The SEV SNP runner serves as the secure foundation for Microsoft's LiteBox project, enabling confidential computing by running Linux user-mode programs within AMD SEV-SNP protected virtual machines. This no_std Rust binary functions as both a bootloader and runtime environment, managing everything from initial VM setup to graceful termination through SEV-SNP hypercalls.

What Is the SEV SNP Runner?

The SEV SNP runner (litebox_runner_snp) is a specialized, no_std executable designed specifically for AMD SEV-SNP (Secure Encrypted Virtualization-Secure Nested Paging) environments. Unlike traditional hypervisor-based runners, this component operates entirely within the encrypted guest VM, providing the minimal runtime necessary to bootstrap the LiteBox sandbox.

The runner fulfills three critical roles:

• Bootstrapper: Initializes the GHCB (Guest-Host Communication Block) and establishes the encrypted memory environment using the SEV encryption bit (PRIVATE_PTE_MASK = 1 << 51).
• Bridge: Translates between guest-side Linux ABI expectations and host VMM services through SEV-SNP hypercalls.
• Runtime: Manages page faults, system calls, thread scheduling, network I/O, and clean VM termination via the SEV-SNP termination protocol.

Architectural Components

The SEV SNP runner consists of tightly integrated assembly and Rust components that handle the transition from bare-metal VM startup to high-level sandbox execution.

Component	Role	Source Location
entry.S	Assembly entry points including _start, sandbox_kernel_start, sandbox_process_start, and entry_SYSCALL_64. Handles stack alignment and ISR vector setup.	litebox_runner_snp/src/entry.S
main.rs	Core Rust logic implementing page_fault_handler, sandbox_process_init, and sandbox_tun_read_write. Constructs the LinuxShim and manages program loading.	litebox_runner_snp/src/main.rs
globals.rs	Defines SEV-SNP termination constants (SM_TERM_EXCEPTION, SM_TERM_INVALID_PARAM, etc.) used for hypercall-based shutdown.	litebox_runner_snp/src/globals.rs
snp_impl.rs	Implements HostSnpInterface providing GHCB-based communication, memory allocation callbacks, and the terminate hypercall.	litebox_platform_linux_kernel/src/host/snp/snp_impl.rs
platform_multiplex.rs	Compile-time platform selection that routes to SnpLinuxKernel when the platform_linux_snp feature is enabled.	litebox_platform_multiplex/src/lib.rs

Boot Sequence: From CPU Reset to Guest Execution

The SEV SNP runner follows a strict three-phase boot process that transitions from assembly initialization to Rust-based runtime management.

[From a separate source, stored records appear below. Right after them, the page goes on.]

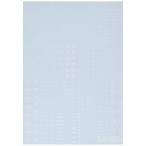 ハイキューパーツ 1/144 ワンカラーホワイト RB02コーションデカール 1枚入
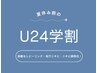 【学割U24】毛穴ニキビに◎剥離なしピーリング＋美容液導入　¥4,500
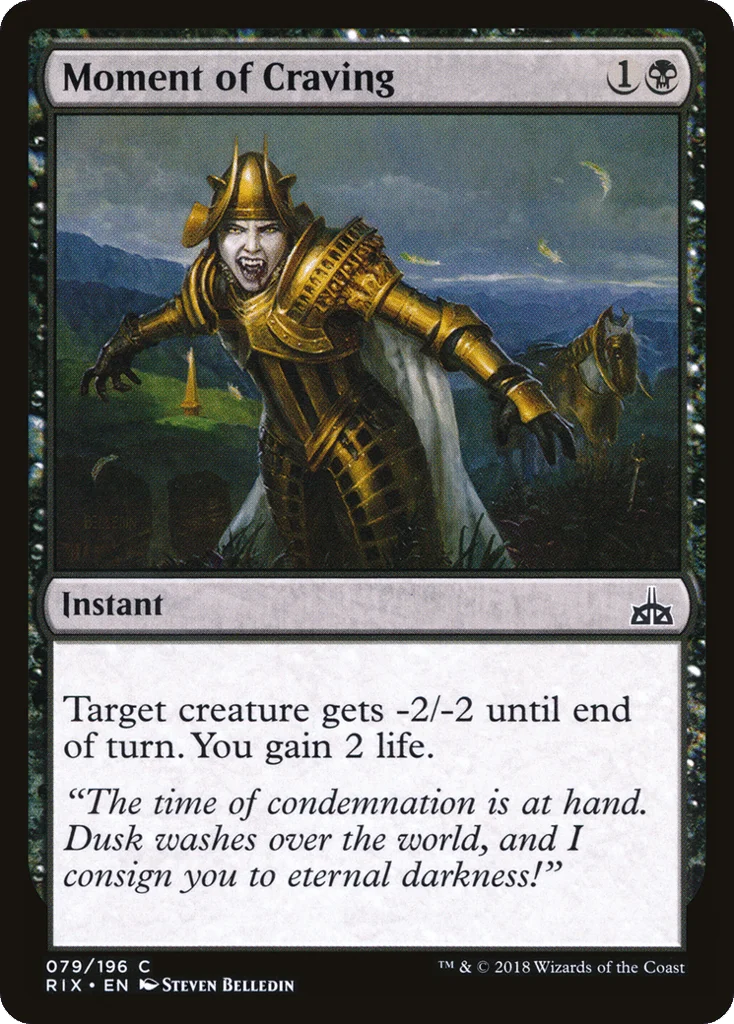 Moment of Craving · Rivals of Ixalan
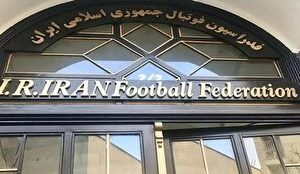 بیانیه فدراسیون فوتبال در محکومیت حمله وحشیانه به صنایع کشورمان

Phase 1: Assembly Entry Point

When the SEV-SNP VM boots, execution begins at _start in litebox_runner_snp/src/entry.S. This assembly routine performs critical early setup:

1. Aligns the stack pointer to satisfy System V AMD64 ABI requirements.
2. Disables interrupts to prevent early exception handling before the IDT is ready.
3. Jumps to sandbox_kernel_init to enter the Rust runtime.

Phase 2: Kernel Initialization

The sandbox_kernel_init function in main.rs receives the vmpl2_boot_params structure from the host VMM, which contains the GHCB page address and CPU frequency. This phase:

• Validates and maps the GHCB page via GhcbProtocol::setup_ghcb_page, establishing the encrypted communication channel.
• Stores the GHCB reference in HostSnpInterface for future hypercalls.
• Invokes HostSnpInterface::return_to_host to trigger a VM-exit, allowing the host to complete kernel setup.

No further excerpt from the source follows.